Elle avait une longue chevelure blonde, remontée en chignon. Les Apaches la dénommait « Casquette » et la presse « Casque d’Or ». Née en 1878, Amélie Élie était une fille de joie du quartier de Belleville, pour qui deux bandes ont semé la zizanie dans le Paris de la Belle Epoque. Rebelle et extravagante, sa personnalité singulière lui a fait gagner une brève notoriété en son temps, avant d’être immortalisée dans un film que lui dédie Becker en 1952.
Casque d’or chez les Apaches
C’était au temps des métamorphoses de Paris, avec les longs boulevards et les grands immeubles d’Haussmann. Tout Paris ? Non, car si ses projets architecturaux suivaient les théories hygiénistes, ils ne s’appliquaient en réalité qu’à certains quartiers centraux de la capitale. Les belles rues que nous traversons sur la Butte Montmartre ou le long du canal Saint-Martin faisaient quant à elles partie de coins encore bien insalubres.
Et c’est donc à cette époque qu’une toute jeune Amélie Élie atterrit avec ses parents dans le 11e arrondissement, nouveau quartier où se retrouvent les ouvriers chassés du centre. Là , les familles s’entassent dans de petits appartements sans hygiène, et la plupart des fillettes se voient d’emblée contraintes de faire le trottoir. Amélie Élie est l’une d’elles. Mais la rue est aussi un lieu de rencontre, ce qui explique qu’à 13 ans, elle se retrouve en ménage durant un an avec un jeune ouvrier dénommé « le Matelot ». Mais les tensions s’accumulent, et son compagnon enchaîne les séjours en maisons de correction. A la suite du décès de sa mère, Élie décide donc de partir pour retourner à la rue.
C’est là , dans le Belleville de 1894, qu’elle fait une nouvelle rencontre avec une maquerelle qui est surnommée « Hélène de Courtille ». Celle-ci l’embauche, la protège et s’éprend peu à peu pour cette jeune fille à la chevelure blonde. Élie n’a alors que 16 ans, et entre, sans le savoir, dans le cercle de ceux que la presse nomme les « Apaches ». Les deux amantes deviennent inséparables : Hélène de Courtille emmène sa pouliche faire la tournée des bars du quartier, dont le sulfureux La Pomme au Lard.

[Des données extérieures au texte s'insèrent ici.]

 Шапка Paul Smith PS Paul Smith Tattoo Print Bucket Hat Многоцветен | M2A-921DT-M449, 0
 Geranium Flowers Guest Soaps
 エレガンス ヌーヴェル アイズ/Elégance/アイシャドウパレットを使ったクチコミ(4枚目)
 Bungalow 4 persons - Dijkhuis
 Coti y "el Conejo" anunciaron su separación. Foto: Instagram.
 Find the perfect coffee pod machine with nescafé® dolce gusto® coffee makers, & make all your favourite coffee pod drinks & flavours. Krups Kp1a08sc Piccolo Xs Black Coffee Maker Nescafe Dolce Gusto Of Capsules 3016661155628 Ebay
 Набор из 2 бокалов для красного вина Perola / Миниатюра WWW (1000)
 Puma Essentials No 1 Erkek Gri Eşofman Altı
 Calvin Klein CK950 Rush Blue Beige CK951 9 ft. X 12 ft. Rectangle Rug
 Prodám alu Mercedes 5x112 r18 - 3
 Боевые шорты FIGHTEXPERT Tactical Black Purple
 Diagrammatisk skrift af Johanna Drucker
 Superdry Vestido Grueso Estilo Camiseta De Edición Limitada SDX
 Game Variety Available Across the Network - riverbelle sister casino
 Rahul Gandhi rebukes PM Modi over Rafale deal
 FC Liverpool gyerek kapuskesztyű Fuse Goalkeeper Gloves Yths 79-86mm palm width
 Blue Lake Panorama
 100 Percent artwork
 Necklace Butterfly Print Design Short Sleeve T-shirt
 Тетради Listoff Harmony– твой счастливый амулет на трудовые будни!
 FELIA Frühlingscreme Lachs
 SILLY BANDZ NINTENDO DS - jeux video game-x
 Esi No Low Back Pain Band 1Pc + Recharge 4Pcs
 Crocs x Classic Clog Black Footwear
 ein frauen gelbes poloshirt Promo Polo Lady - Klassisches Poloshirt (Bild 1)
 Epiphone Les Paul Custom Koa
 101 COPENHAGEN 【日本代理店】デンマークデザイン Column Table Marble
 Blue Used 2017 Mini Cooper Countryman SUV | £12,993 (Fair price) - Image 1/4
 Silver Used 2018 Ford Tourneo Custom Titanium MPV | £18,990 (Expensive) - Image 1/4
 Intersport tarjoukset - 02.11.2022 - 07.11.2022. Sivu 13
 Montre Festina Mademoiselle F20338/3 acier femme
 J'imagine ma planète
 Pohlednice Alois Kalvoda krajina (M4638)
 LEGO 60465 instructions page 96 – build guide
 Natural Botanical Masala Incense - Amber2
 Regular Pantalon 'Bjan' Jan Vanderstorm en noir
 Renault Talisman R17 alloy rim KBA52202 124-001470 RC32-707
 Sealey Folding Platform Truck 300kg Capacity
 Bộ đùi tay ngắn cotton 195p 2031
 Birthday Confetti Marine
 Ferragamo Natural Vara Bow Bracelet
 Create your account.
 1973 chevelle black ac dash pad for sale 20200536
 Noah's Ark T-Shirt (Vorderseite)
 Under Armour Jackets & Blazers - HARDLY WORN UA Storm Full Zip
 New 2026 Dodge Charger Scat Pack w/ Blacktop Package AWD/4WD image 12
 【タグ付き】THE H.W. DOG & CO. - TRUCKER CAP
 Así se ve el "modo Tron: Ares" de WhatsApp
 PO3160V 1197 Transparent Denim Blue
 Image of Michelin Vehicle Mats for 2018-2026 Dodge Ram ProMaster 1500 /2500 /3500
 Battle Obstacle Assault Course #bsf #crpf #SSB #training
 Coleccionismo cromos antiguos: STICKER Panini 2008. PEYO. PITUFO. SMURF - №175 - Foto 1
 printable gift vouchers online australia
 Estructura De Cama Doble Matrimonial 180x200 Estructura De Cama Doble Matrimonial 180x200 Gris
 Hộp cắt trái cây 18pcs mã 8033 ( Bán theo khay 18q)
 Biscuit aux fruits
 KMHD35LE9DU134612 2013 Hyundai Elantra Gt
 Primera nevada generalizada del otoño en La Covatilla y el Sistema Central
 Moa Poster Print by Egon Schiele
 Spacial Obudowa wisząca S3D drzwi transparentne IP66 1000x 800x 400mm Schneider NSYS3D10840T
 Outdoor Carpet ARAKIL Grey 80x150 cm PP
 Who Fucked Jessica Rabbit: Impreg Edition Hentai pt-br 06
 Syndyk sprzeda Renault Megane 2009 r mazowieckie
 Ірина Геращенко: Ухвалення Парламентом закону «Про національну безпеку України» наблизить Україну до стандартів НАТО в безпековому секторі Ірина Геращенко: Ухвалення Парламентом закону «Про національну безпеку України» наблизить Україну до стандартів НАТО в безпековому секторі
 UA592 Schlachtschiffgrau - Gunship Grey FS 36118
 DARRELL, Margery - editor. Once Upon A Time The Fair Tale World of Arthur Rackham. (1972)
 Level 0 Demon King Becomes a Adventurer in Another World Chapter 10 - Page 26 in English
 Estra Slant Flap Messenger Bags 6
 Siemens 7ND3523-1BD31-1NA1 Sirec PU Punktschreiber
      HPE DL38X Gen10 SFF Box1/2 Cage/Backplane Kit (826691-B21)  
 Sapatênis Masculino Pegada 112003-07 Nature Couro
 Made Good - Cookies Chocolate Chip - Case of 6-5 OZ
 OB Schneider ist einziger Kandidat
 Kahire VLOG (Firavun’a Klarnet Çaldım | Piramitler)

Les rencontres se font alors de plus belle, et Élie ne tarde pas à quitter les bras de sa protectrice pour ceux d’un certain « Bouchon », lui aussi proxénète. Le jeune couple se marie au plus vite, prenant pour témoins les quelques Apaches qui les entourent. Elle se prostitue, tandis que lui, de son côté, vivote de vols de marchandises, de reventes illégales, et commet plusieurs crimes sans vergogne. Mais là encore, la relation dégénère : Bouchon devient de plus en plus violent avec sa jeune compagne et lui reproche de ne pas assez gagner sur le trottoir. Celle-ci finit de nouveau par fuir ce calvaire et erre dans les rues, alors que plusieurs Apaches la pourchassent. Mais ce n’est que le début d’une longue histoire de délinquances, de bagarres et de crimes…
L’affaire Manda-Leca
C’est au tournant du siècle que la presse va commencer à entendre parler d’Amélie Élie, que l’on surnomme « Casquette » dans le milieu. Durant son vagabondage, la jeune femme a fait la rencontre de Joseph Pleigneur, dit « Manda », le chef de la bande criminelle des Orteaux, âgé de tout juste 22 ans. Tombée sous le charme, elle aménage très vite avec le célèbre Apache, qui passe son temps à fabriquer des outils pour cambrioler. Mais l’homme aime papillonner, ce qui n’est pas au goût de la jeune femme blonde, qui oublie ses malheurs dans la rue.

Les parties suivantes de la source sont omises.